Bernie Wrightson - L'année du Loup-garou | Garou, Loup garou, Dessin bd
On peut être loup-garou et avoir envie
d'aller à l'église !
L'histoire en elle-même est donc assez assez classique : un loup-garou sévit dans une petite ville (du Maine bien évidemment, si l'on connaît bien le Maître King) et les habitants n'y croient pas, jusqu'au jour où... même si le scénario n'a rien d'original, Stephen King parvient tout de même à captiver ses lecteurs.trices. Néanmoins, le plus intéressant dans l'ouvrage n'est pas seulement la menace de la Bête, mais le tableau de la ville de Tarkers Mills dans lequel l'auteur nous plonge dans la vie quotidienne des habitants de cette petite ville et nous montre leurs petites habitudes, leurs vices aussi, avec talent et simplicité.

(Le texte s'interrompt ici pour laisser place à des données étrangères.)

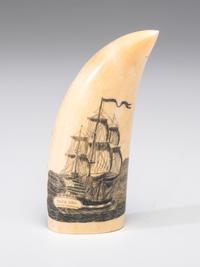 A Scrimshaw Sperm Whale's Tooth
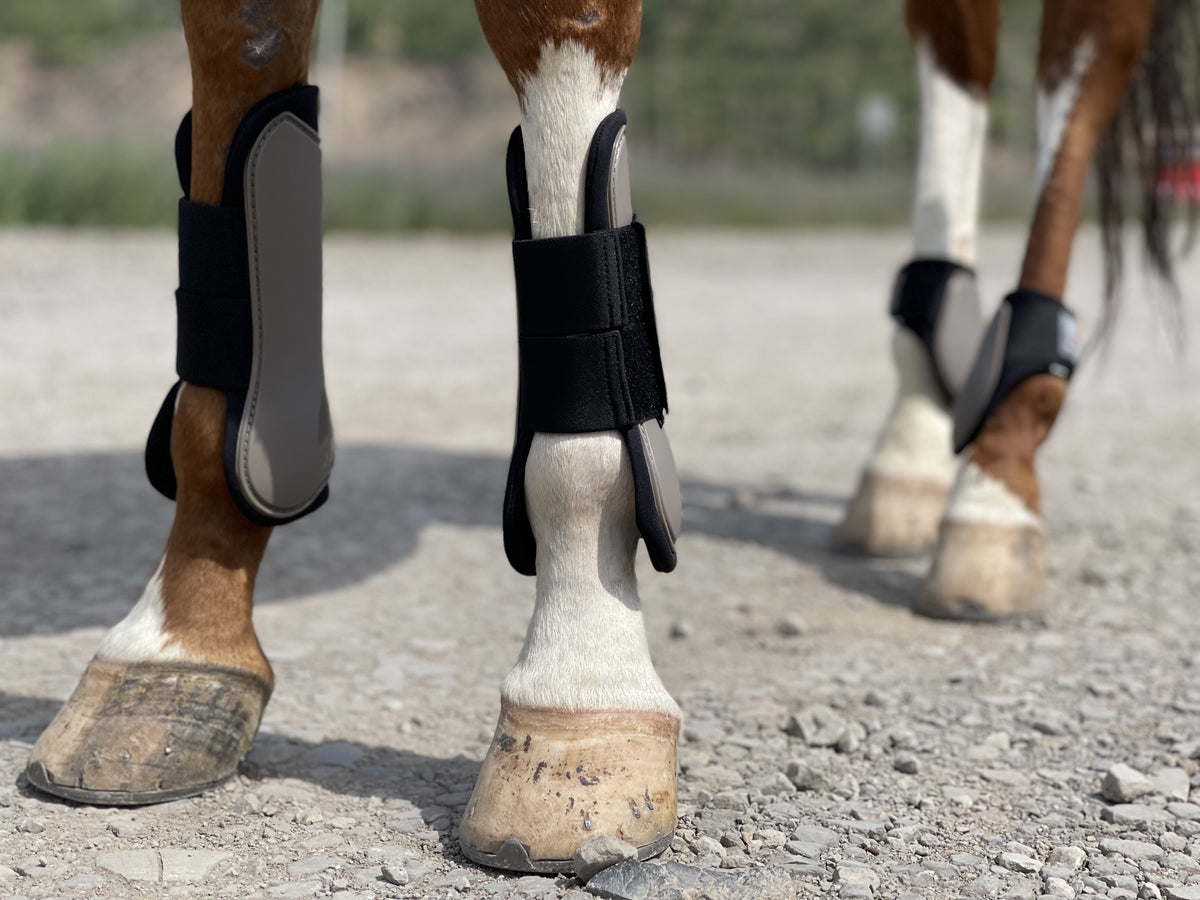 Horse Tendon Boots Set of 4, Open Front and Fetlock Leg Guards in PU and Neoprene for Riding, Jumping and Training, FULL and COB Size Options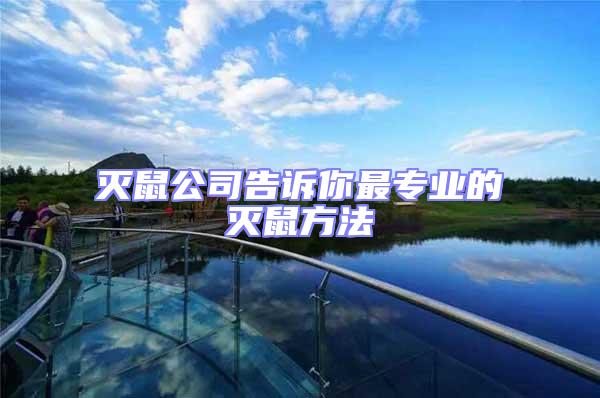 滅鼠公司告訴你最專業的滅鼠方法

C'est un récit qui se lit assez rapidement dans lequel Stephen King a su mettre en place une ambiance sombre, plombante et froide. Rien de bien traumatisant et à nous donner des cauchemars la nuit, mais pas non plus un récit à mettre dans les mains d'un jeune public, car l'histoire est délicieusement frissonnante. On ressent toute la menace de la lune, sa lumière brillante mais inquiétante, on devine le loup qui rôde et le danger qui plane, sans oublier les illustrations effrayantes et parfois sanglantes, qui donnent une autre dimension au récit. J'aurais toutefois apprécié que ces illustrations se soient situées après l'attaque du loup, certaines étaient au début du récit et spoilaient l'événement à venir. Aussi efficace ce récit soit-il, je n'aurais pas été contre un récit plus étoffé et approfondit pour rester plus longtemps dans cette traque au loup et la peur croissante des habitants, afin de mieux frissonner !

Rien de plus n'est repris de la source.